Information supplied ▸

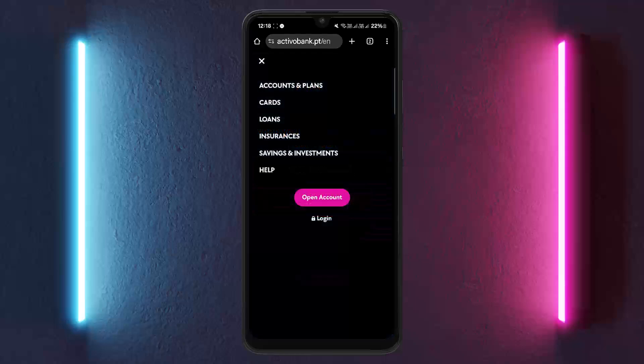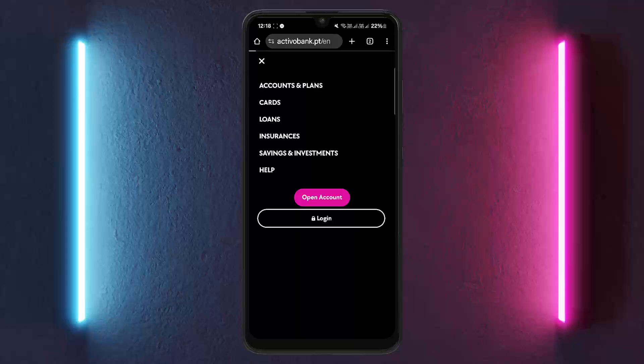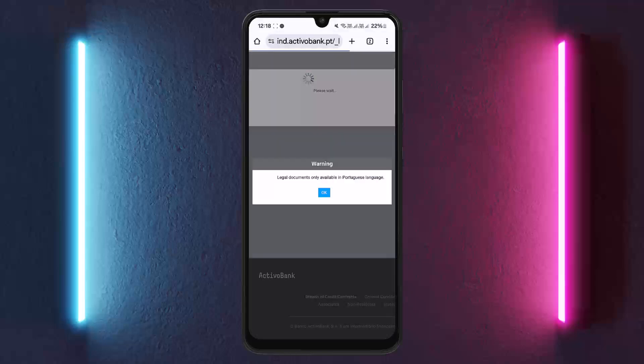If you haven't registered yet, you can tap on open account and go through the prompts to register. If you're ready to log in, tap on login and enter your banking credentials to log in easily. This is how you can log into Activo Bank online banking.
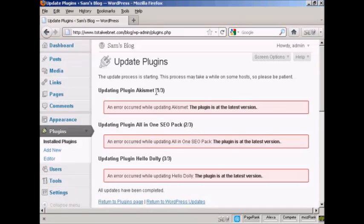Here we go — it's telling me that all these plugins are the latest version, which is what I would expect because this is a brand new install. However, if I'd had this blog running for a couple of months, some of the plugins may have gone out of date, and I could simply update them very easily with just that one click.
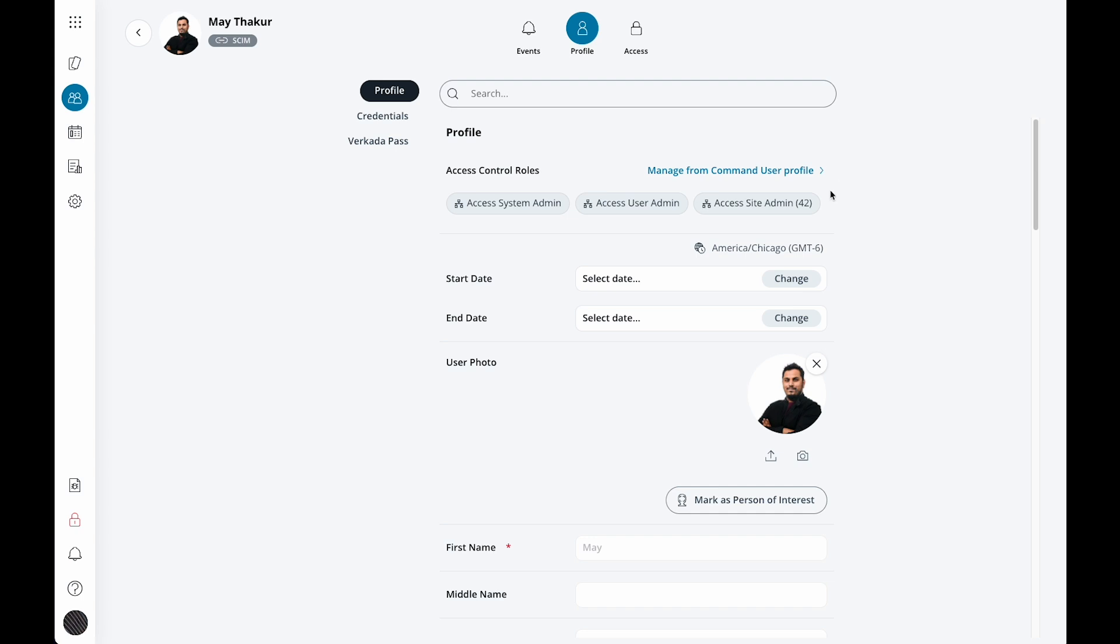Roles are very helpful when delegating tasks to other members of your team. So we highly suggest checking out the help article linked in the description to learn more about what each role does.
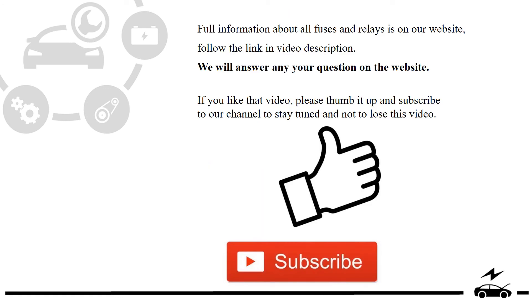Full information about all fuses and relays is on our website. Follow the link in video description. We will answer any question on the website.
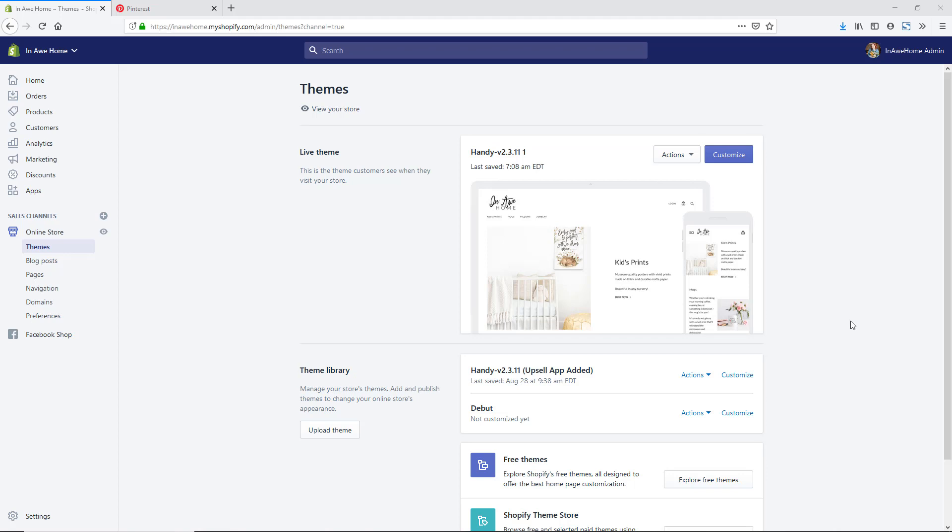Now I am in my Shopify backend, and we're going to have to add this Pinterest conversion tag to two different areas of our Shopify store. I am back in the online store themes area of my Shopify store, and I'm going to go real quick to my Pinterest profile and get the code that we need to add to our theme first.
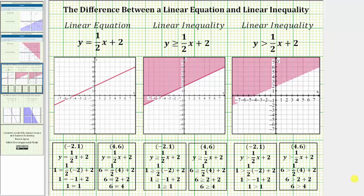Welcome to a video that will discuss the difference between a linear equation and a linear inequality in two variables. Notice how we have one linear equation shown here and two linear inequalities. The linear equation has an equal sign, while the linear inequalities have inequality symbols. The solutions to a linear equation are all the ordered pairs x comma y that satisfy the equation. There are an infinite number of solutions, and if graphed on the coordinate plane, they form a line.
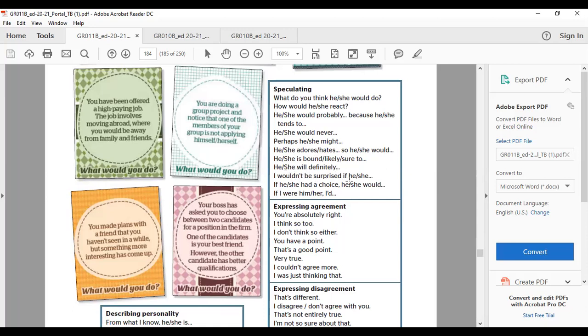I wouldn't be surprised if she did something. If he or she had a choice, he or she would. If I were him or her, I would.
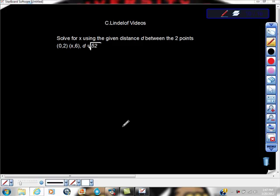Here's a different way of looking at distance formula problems that can show up on tests. We prepare ourselves by memorizing the distance formula and we're looking to find the distance. But what if they give us the distance and ask us to find the missing value? So here we're given two points and the distance, and we're asked to find this missing value here.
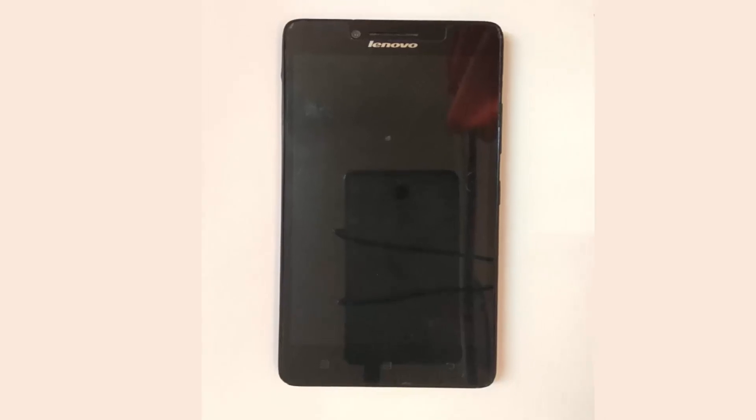Hello guys, today I will show you how to install Pacman ROM to your Lenovo A6000 or A6000 Plus mobile.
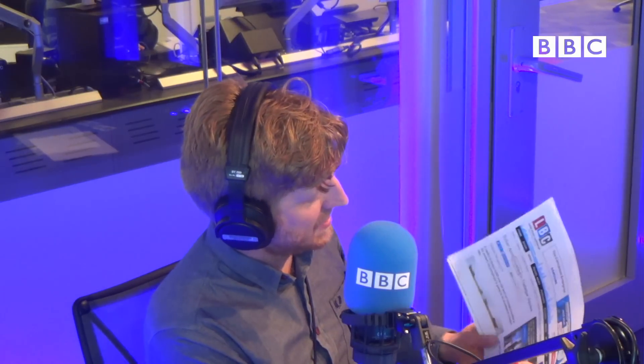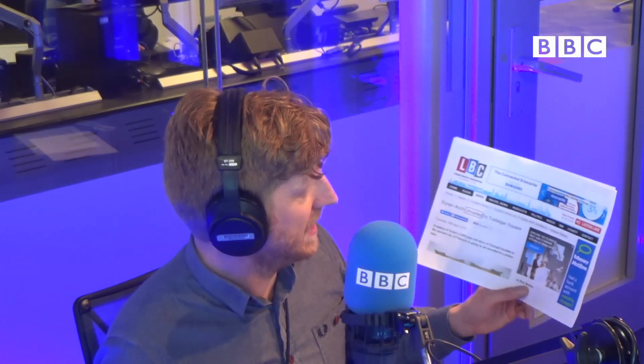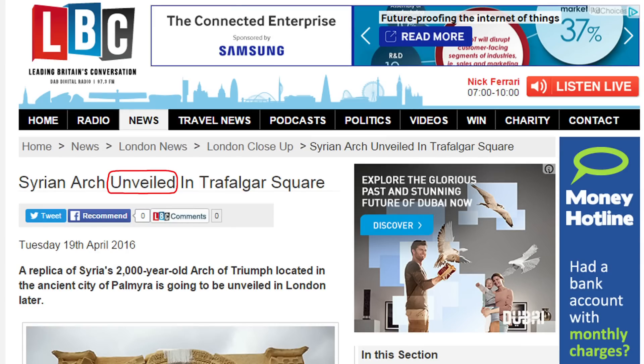Another prefix appears in the word 'unveiled'. The headline from LBC, a radio station in London: 'Syrian arch unveiled in Trafalgar Square.' So, a veil — the original meaning is a piece of cloth, a material that usually covers something. A bride's face traditionally is covered by a veil on her wedding day and it's removed when she kisses her groom. That's a kind of literal meaning.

What the exercise asks ▸ Write out word for word the lines of the listing above from the line with "Now I am in" to the line with "I wouldn't be", taking in both of those lines but no pictures.

Result below ▸
Now I am in my Shopify backend, and we're going to have to add this Pinterest conversion tag to two different areas of our Shopify store. I am back in the online store themes area of my Shopify store, and I'm going to go real quick to my Pinterest profile and get the code that we need to add to our theme first.
Welcome to a video that will discuss the difference between a linear equation and a linear inequality in two variables. Notice how we have one linear equation shown here and two linear inequalities. The linear equation has an equal sign, while the linear inequalities have inequality symbols. The solutions to a linear equation are all the ordered pairs x comma y that satisfy the equation. There are an infinite number of solutions, and if graphed on the coordinate plane, they form a line.
I wouldn't be surprised if she did something. If he or she had a choice, he or she would. If I were him or her, I would.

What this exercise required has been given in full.